Tema 3 de 8: Dificultades

* La transmisión de la fe, según hemos visto, implica mucho más que fijar unos contenidos en la memoria. La verdadera tradición es entrega de vida; es un proceso orgánico que no anula lo que había pero que tampoco se fosiliza en lo que había. La Biblia da testimonio de lo difícil que es este proceso y muestra que es normal que el ser humano se sienta rebasado ante una tarea semejante.

* Transmitir la fe en Dios conlleva ser testimonio y expresión de su amor, que no tiene límites. Pero nosotros mismos sí tenemos límites y por eso experimentamos agotamiento y exasperación cuando debemos cargar con las fragilidades, incoherencias, cobardías, mezquindades, codicias y demás miserias del prójimo.

* Algunos testimonios de la Escritura: Moisés llega a un límite: “¿Acaso concebí yo a todo este pueblo? ¿Fui yo quien lo dio a luz para que me dijeras: “Llévalo en tu seno, como la nodriza lleva al niño de pecho, a la tierra que yo juré a sus padres”?” (Números 11,12). Elías lucha por permanecer fiel y volver al pueblo a la fidelidad pero también llega a su máximo y al final: “El anduvo por el desierto un día de camino, y vino y se sentó bajo un enebro; pidió morirse y dijo: Basta ya, Señor, toma mi vida porque yo no soy mejor que mis padres.” (1 Reyes 19,4). Jeremías no entiende lo que le toca vivir, en razón de su ministerio profético: “¡Ay de mí, madre mía, porque me diste a luz como hombre de contienda y hombre de discordia para toda la tierra! No he prestado ni me han prestado, pero todos me maldicen.” (Jeremías 15,10). El apóstol Pablo compara su tarea a la de una mujer en trance de dar a luz: “Hijos míos, por quienes de nuevo sufro dolores de parto hasta que Cristo sea formado en vosotros, quisiera estar presente con vosotros ahora y cambiar mi tono, pues perplejo estoy en cuanto a vosotros.” (Gálatas 19,20).

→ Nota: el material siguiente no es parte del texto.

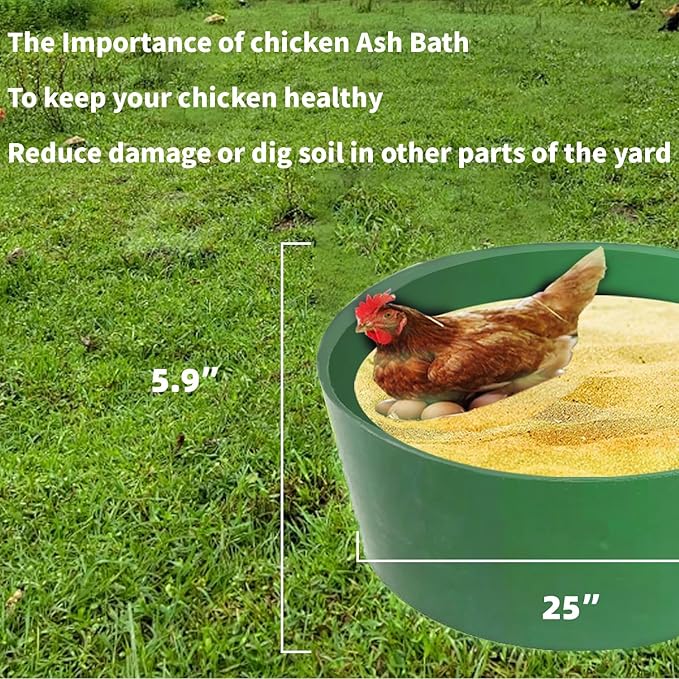 Chicken Dust Bath Tub, 25'' D * 5.9'' H, Bottomless Design, PE Eco Friendly, Dust Bath for Chickens, Chicken Coop Cleaner Container,Chicken Coop Lime,Essential Chicken Coop Accessory (1 Pack, Green)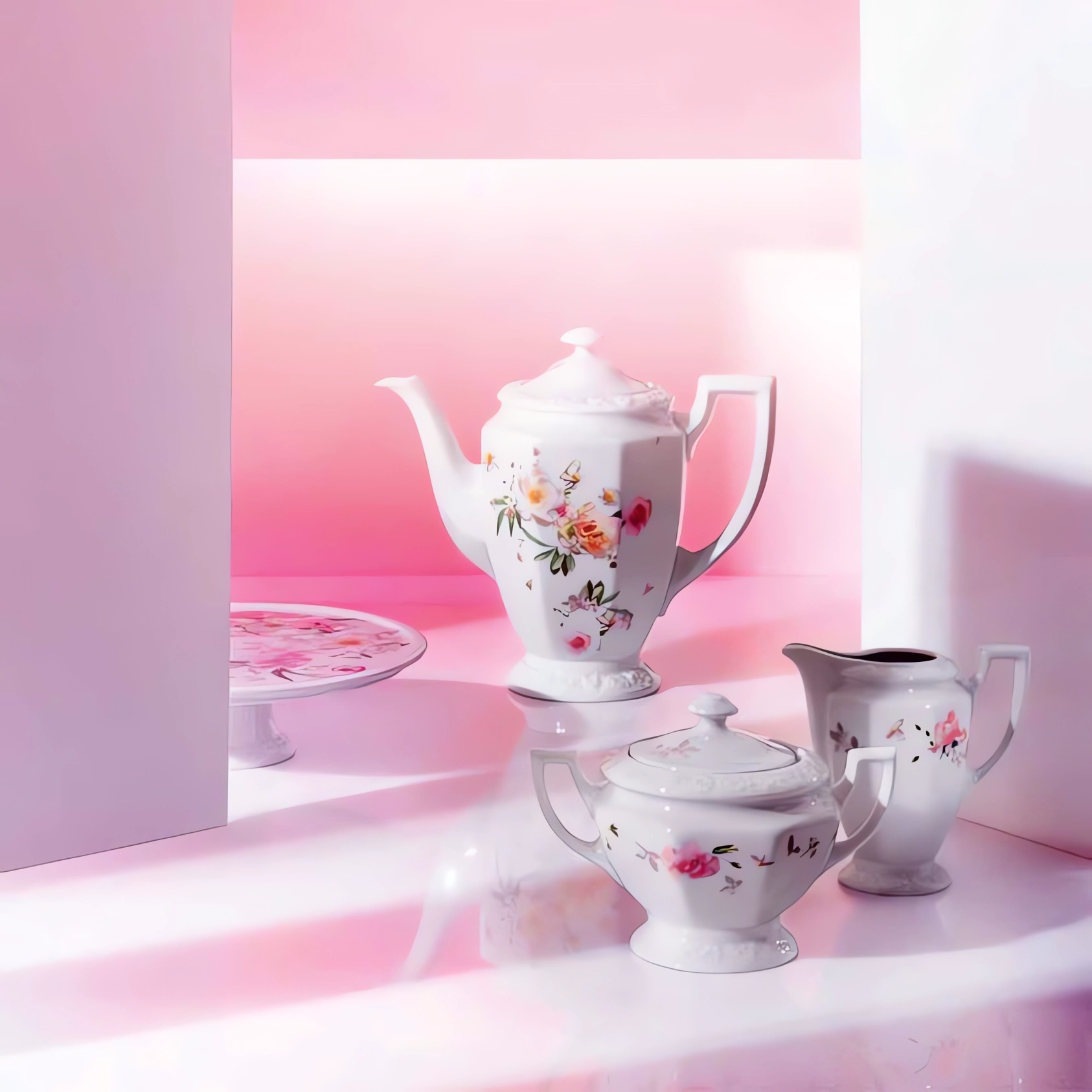 Rosenthal, Maria Pink Rose, Teapot - MDMAISON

* El peso de la tarea es enorme; la persecución, frecuente; la ingratitud, pan de cada día, de modo que muchos evangelizadores, formadores y superiores tienen que hacer suyas, con dolor, las palabras del salmo: “Aun mi mejor amigo, en quien yo confiaba,
el que comía conmigo, se ha vuelto contra mí…” (Salmo 41,10) Las ofensas recibidas, los desconciertos soportados colman la paciencia y entonces preguntamos como Pedro: “Señor, ¿cuántas veces deberé perdonar a mi hermano, si me hace algo malo? ¿Hasta siete?” (Mateo 18,21).

* Frente a tantas durezas que tiene servir al prójimo en su propio camino, no es extraño que nos tiente la opción egoísta y cómoda de Caín: “¿Soy yo acaso guarda de mi hermano?” (Génesis 4,9). A veces, como superiores o pastores, disfrazamos esa postura con otras frases como: “Aquí cada quien es adulto y sabe lo que tiene que hacer;” “Yo no soy policía de nadie;” etc. Con esas expresiones a menudo buscamos preservar nuestras planes y proyectos personales, y entonces la labor pastoral, de formación o de evangelización pasa a ser un asunto lateral que tratamos de mantener bajo control, de modo que no interfiera en nuestra vida privada, la que de veras nos interesa.

* La propuesta bíblica y evangélica es distinta: somos llamados a “engendrar para Dios” como dijo San Pablo. Somos llamados a dar la vida por los hermanos. Somos llamados a dar fruto, y fruto que permanezca.